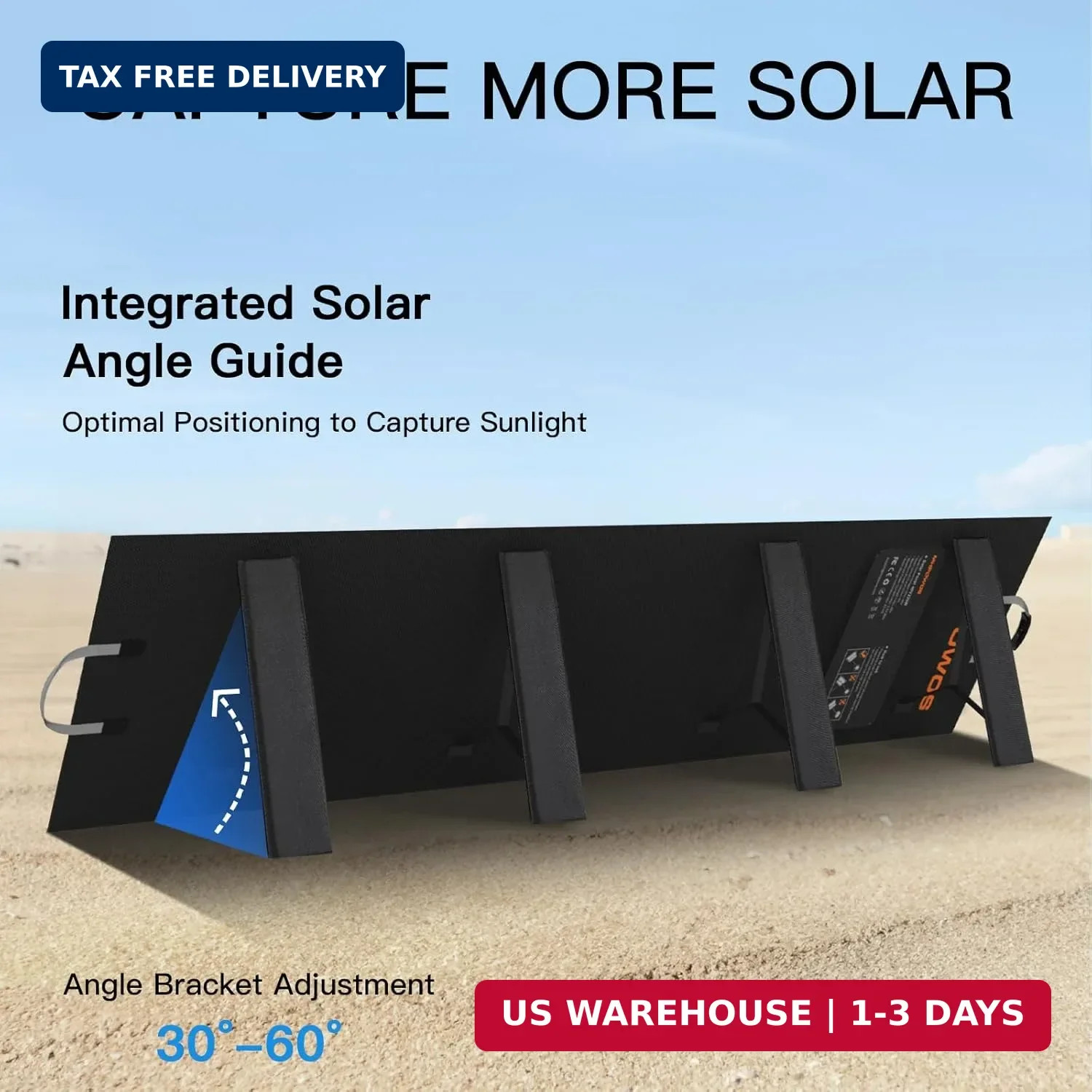 Portable Solar Panel 220W 40V Monocrystalline Foldable Solar Panels Charger Powe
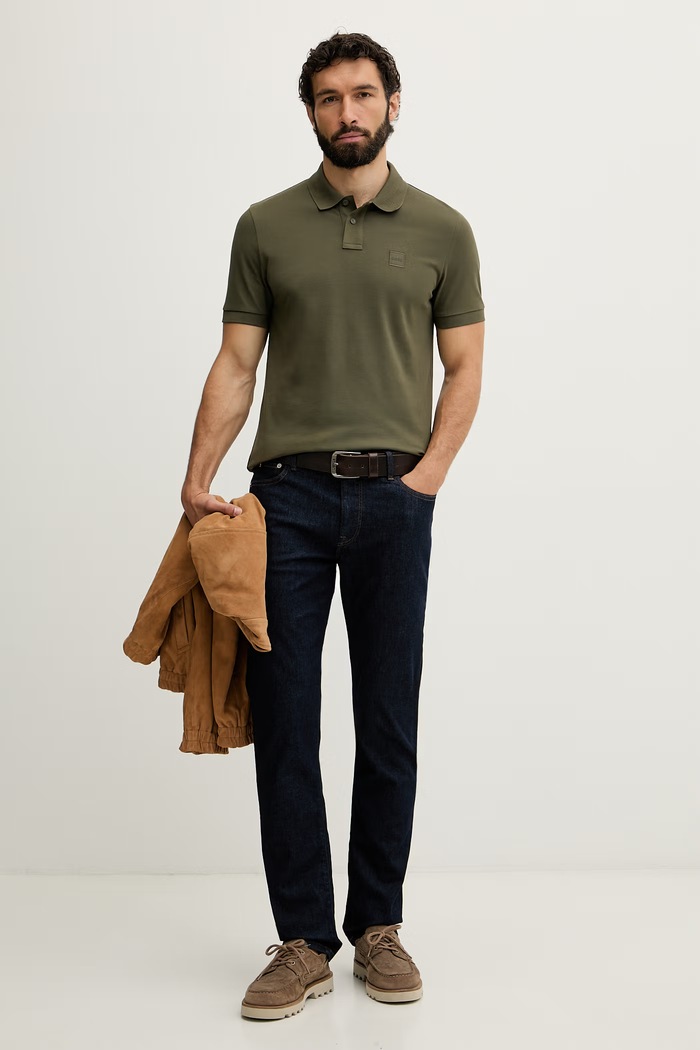 Tommy Hilfiger rifle slim fit pánske MW0MW42296 tmavomodrá SS26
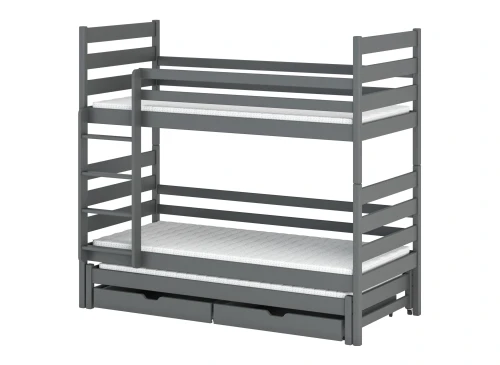 TOMI 90x180 graphite bunk bed Lano Furniture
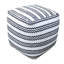 Pouf carré à chevrons 16 po Bartow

━━━━━━━━━━━━━━━━━━━━

**Instructions to follow**
Retype the material in full, exactly as written, and exclude the pictures.

**Task result**
 Portable Solar Panel 220W 40V Monocrystalline Foldable Solar Panels Charger Powe
 Tommy Hilfiger rifle slim fit pánske MW0MW42296 tmavomodrá SS26
 TOMI 90x180 graphite bunk bed Lano Furniture
 Pouf carré à chevrons 16 po Bartow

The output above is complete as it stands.